Either way it seemed like a good enough time, and wouldn't you know love was in the air. Amongst all the dancing, frolicing folks a local Cambodian lad, couldn't have been older than twenty, he found affection. Clearly someone who understood him, someone he could share his spirit, certainly someone who got him. So what if this partner in question was a western man, who was clearly past the age of retirement. You could seem the connection in their dancing. And grinding. Why, the old, roughly unshaven, creepy old white guy had such a close relationship with this young Cambodian chap, he even trusted him enough to count his money.

And the say romance is dead.

I sat down in the other end of the club, trying to reflect on everything that I had seen that day. The sorrow, the confusion, the vibrancy, the frivolity, the vice and the festivity. It was a rich synaptic cocktail to digest and I wasn't sure how it was going to go down.
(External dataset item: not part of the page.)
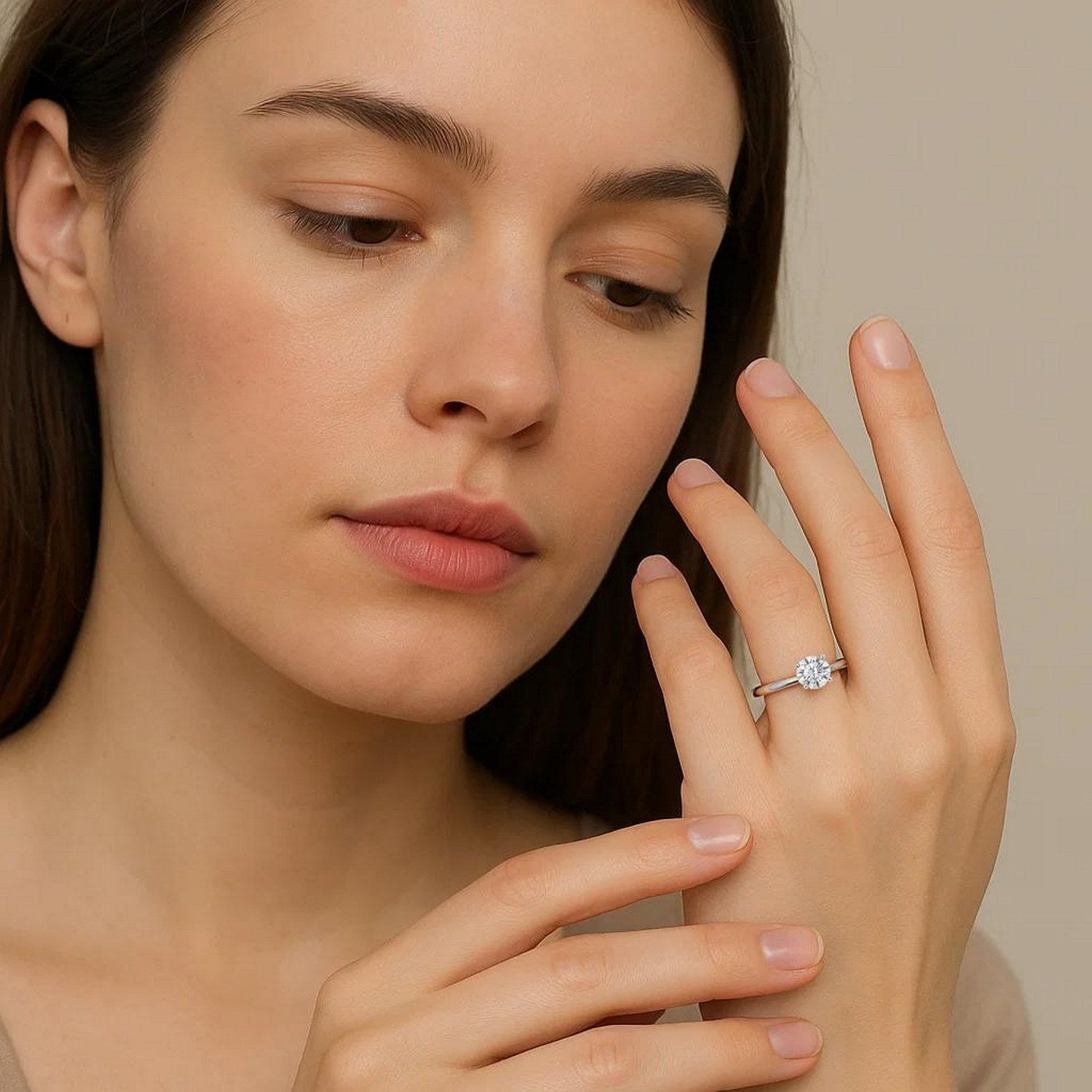 3/4 Carat Round Lab Grown IGI G/VS1 Diamond Solitaire Ring in 14K White Gold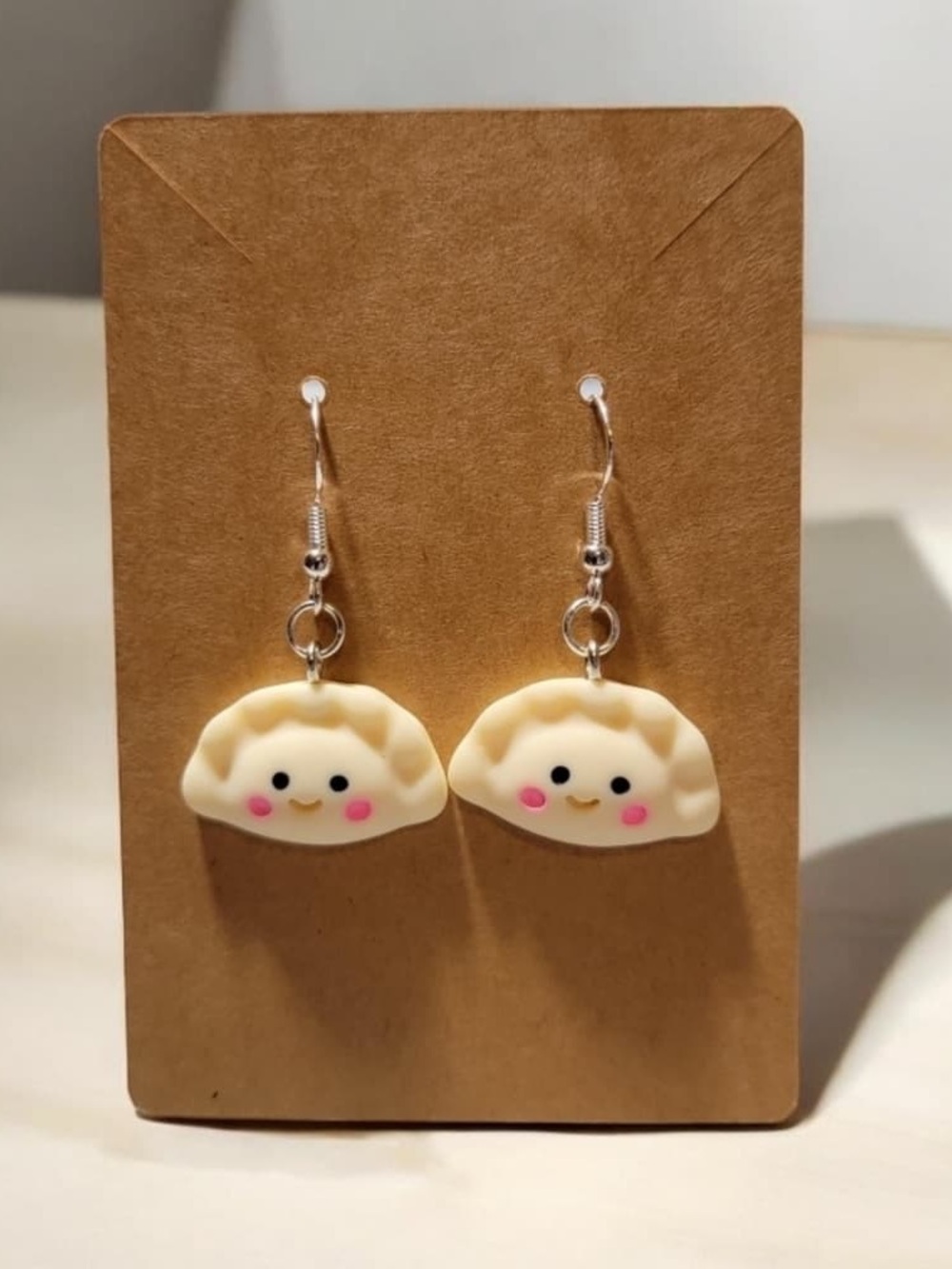 Cute Cream Dumpling Kids Earrings - Playful Smiley Design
The answer, naturally, was to dance.

In this less populated end of the establishment, a group of waitresses finished their shift, put on a traditional local song and started dancing in a circle around a bar stool. They tapped my friend and I on the shoulder and invited us to join in. It was something I had never done before, I didn't know the moves but they just seemed happy. It could have meant all kinds of things, it could have meant nothing but amonst all I had seen, sharing in these people having a good time meant everything. I knew nothing of what was going on but at that moment, it made all the sense in the world snd that counted for a lot.